Start of PROVIDED INFORMATION
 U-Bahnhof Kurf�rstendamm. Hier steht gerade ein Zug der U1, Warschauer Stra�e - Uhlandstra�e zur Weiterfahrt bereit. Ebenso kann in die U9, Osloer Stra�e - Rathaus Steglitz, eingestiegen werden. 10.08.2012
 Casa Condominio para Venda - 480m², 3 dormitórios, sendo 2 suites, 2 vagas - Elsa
End of PROVIDED INFORMATION
Start of PROVIDED INFORMATION
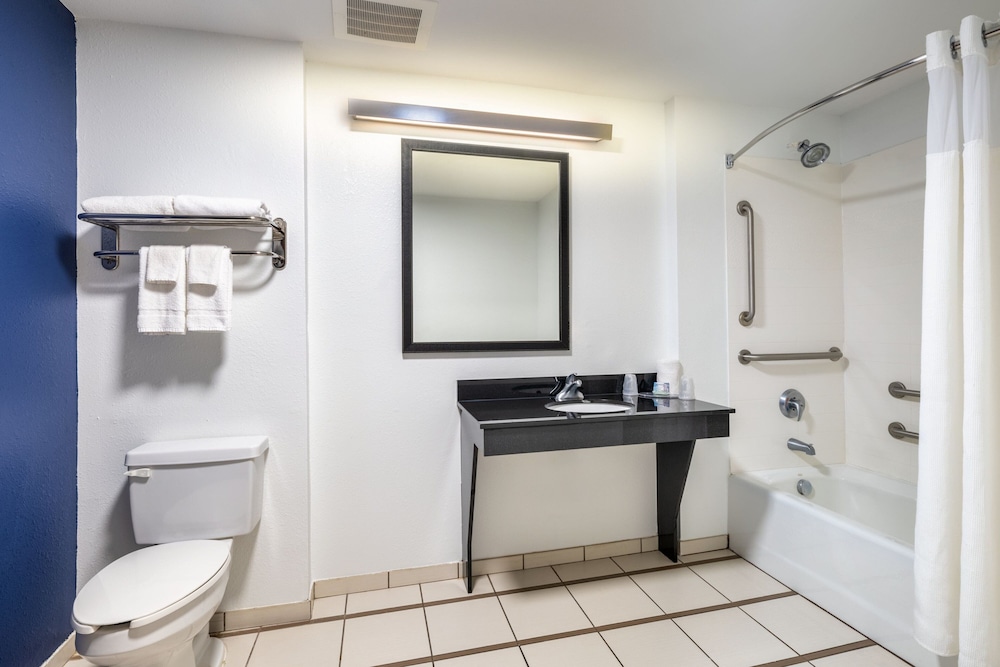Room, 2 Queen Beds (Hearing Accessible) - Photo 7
End of PROVIDED INFORMATION
ACTIVITY |
Starting at the line that contains "U-Bahnhof Kurf�rstendamm. Hier" and stopping after the line that contains "Casa Condominio para", write out every line exactly as it appears above, and no other line.

TASK OUTPUT |
 U-Bahnhof Kurf�rstendamm. Hier steht gerade ein Zug der U1, Warschauer Stra�e - Uhlandstra�e zur Weiterfahrt bereit. Ebenso kann in die U9, Osloer Stra�e - Rathaus Steglitz, eingestiegen werden. 10.08.2012
 Casa Condominio para Venda - 480m², 3 dormitórios, sendo 2 suites, 2 vagas - Elsa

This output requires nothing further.